Description of the task -
Pictures aside, quote the whole listing exactly.

Provided material -
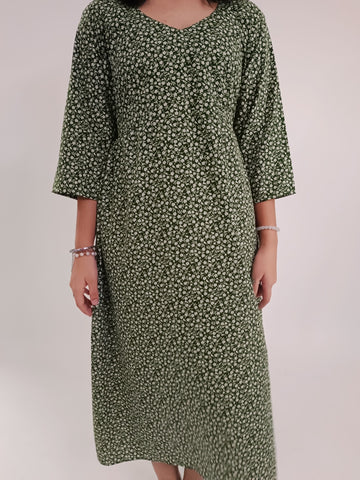 Comfortable Crepe Maxi Dress Green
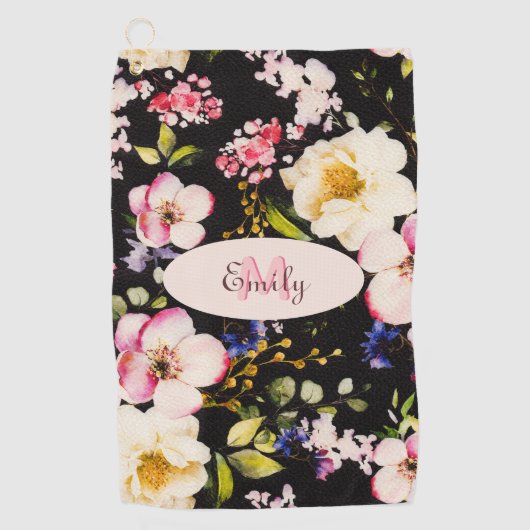 水彩ピンクイエローローズオンブラック、モノグラム ゴルフタオル (正面)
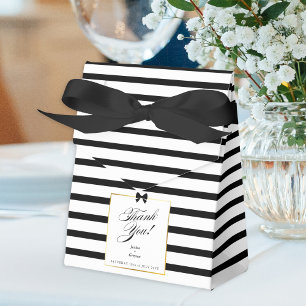 Elegante Schwarz-weiß Stripe-Goldrahmen-Hochzeit Geschenkschachtel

Result of the exercise -
 Comfortable Crepe Maxi Dress Green
 水彩ピンクイエローローズオンブラック、モノグラム ゴルフタオル (正面)
 Elegante Schwarz-weiß Stripe-Goldrahmen-Hochzeit Geschenkschachtel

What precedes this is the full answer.